- SUPPLIED INFORMATION

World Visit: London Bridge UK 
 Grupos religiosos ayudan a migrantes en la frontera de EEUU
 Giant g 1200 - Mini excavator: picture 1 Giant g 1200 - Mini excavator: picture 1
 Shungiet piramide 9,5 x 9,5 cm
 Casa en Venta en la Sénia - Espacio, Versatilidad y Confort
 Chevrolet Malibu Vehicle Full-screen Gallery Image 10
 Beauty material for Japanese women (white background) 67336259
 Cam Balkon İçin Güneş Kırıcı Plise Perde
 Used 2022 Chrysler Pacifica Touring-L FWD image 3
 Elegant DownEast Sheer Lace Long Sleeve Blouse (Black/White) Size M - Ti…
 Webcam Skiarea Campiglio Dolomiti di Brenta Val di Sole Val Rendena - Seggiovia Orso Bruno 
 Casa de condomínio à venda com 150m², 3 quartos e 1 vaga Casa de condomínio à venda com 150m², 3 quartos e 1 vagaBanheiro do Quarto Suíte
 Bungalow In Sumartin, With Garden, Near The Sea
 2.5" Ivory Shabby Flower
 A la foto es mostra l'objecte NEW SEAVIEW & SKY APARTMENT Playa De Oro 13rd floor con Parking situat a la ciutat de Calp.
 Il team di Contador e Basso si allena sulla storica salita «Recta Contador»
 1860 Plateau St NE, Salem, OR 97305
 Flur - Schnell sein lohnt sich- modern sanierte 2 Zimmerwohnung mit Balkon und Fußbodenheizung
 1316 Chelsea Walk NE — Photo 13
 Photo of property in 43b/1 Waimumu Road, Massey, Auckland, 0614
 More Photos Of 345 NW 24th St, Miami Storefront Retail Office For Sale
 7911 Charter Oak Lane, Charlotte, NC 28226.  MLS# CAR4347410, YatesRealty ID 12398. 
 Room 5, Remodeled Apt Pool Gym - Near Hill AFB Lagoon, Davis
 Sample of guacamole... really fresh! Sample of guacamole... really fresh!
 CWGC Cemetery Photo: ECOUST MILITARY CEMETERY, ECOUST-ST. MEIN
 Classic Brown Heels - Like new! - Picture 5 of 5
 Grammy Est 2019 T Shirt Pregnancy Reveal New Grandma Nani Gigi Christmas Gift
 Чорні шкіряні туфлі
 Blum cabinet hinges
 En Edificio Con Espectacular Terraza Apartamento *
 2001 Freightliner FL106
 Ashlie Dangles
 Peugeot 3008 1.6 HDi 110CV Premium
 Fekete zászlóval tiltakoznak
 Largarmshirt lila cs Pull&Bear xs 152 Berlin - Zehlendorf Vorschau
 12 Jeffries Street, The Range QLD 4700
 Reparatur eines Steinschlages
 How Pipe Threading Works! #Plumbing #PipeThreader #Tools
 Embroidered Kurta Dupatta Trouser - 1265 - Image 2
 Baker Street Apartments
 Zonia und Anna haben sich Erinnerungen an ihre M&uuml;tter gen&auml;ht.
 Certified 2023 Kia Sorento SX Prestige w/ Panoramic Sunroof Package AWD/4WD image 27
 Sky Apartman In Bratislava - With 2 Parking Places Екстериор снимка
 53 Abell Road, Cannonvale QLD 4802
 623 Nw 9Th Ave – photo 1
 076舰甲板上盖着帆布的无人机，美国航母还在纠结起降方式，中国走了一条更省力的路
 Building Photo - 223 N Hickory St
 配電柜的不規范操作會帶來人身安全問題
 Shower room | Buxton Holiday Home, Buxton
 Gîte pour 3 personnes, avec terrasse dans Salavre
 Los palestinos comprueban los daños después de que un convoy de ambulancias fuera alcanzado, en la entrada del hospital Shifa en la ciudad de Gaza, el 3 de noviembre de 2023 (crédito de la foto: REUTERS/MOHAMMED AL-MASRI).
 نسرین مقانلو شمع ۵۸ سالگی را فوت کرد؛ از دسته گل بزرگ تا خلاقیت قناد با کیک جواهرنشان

- THE PROBLEM
Where the line containing "1316 Chelsea Walk NE — Photo 13" appears in the records above, begin there and print every line through the last, exactly and with nothing else.

- SOLUTION FOR THIS EXERCISE
 1316 Chelsea Walk NE — Photo 13
 Photo of property in 43b/1 Waimumu Road, Massey, Auckland, 0614
 More Photos Of 345 NW 24th St, Miami Storefront Retail Office For Sale
 7911 Charter Oak Lane, Charlotte, NC 28226.  MLS# CAR4347410, YatesRealty ID 12398. 
 Room 5, Remodeled Apt Pool Gym - Near Hill AFB Lagoon, Davis
 Sample of guacamole... really fresh! Sample of guacamole... really fresh!
 CWGC Cemetery Photo: ECOUST MILITARY CEMETERY, ECOUST-ST. MEIN
 Classic Brown Heels - Like new! - Picture 5 of 5
 Grammy Est 2019 T Shirt Pregnancy Reveal New Grandma Nani Gigi Christmas Gift
 Чорні шкіряні туфлі
 Blum cabinet hinges
 En Edificio Con Espectacular Terraza Apartamento *
 2001 Freightliner FL106
 Ashlie Dangles
 Peugeot 3008 1.6 HDi 110CV Premium
 Fekete zászlóval tiltakoznak
 Largarmshirt lila cs Pull&Bear xs 152 Berlin - Zehlendorf Vorschau
 12 Jeffries Street, The Range QLD 4700
 Reparatur eines Steinschlages
 How Pipe Threading Works! #Plumbing #PipeThreader #Tools
 Embroidered Kurta Dupatta Trouser - 1265 - Image 2
 Baker Street Apartments
 Zonia und Anna haben sich Erinnerungen an ihre M&uuml;tter gen&auml;ht.
 Certified 2023 Kia Sorento SX Prestige w/ Panoramic Sunroof Package AWD/4WD image 27
 Sky Apartman In Bratislava - With 2 Parking Places Екстериор снимка
 53 Abell Road, Cannonvale QLD 4802
 623 Nw 9Th Ave – photo 1
 076舰甲板上盖着帆布的无人机，美国航母还在纠结起降方式，中国走了一条更省力的路
 Building Photo - 223 N Hickory St
 配電柜的不規范操作會帶來人身安全問題
 Shower room | Buxton Holiday Home, Buxton
 Gîte pour 3 personnes, avec terrasse dans Salavre
 Los palestinos comprueban los daños después de que un convoy de ambulancias fuera alcanzado, en la entrada del hospital Shifa en la ciudad de Gaza, el 3 de noviembre de 2023 (crédito de la foto: REUTERS/MOHAMMED AL-MASRI).
 نسرین مقانلو شمع ۵۸ سالگی را فوت کرد؛ از دسته گل بزرگ تا خلاقیت قناد با کیک جواهرنشان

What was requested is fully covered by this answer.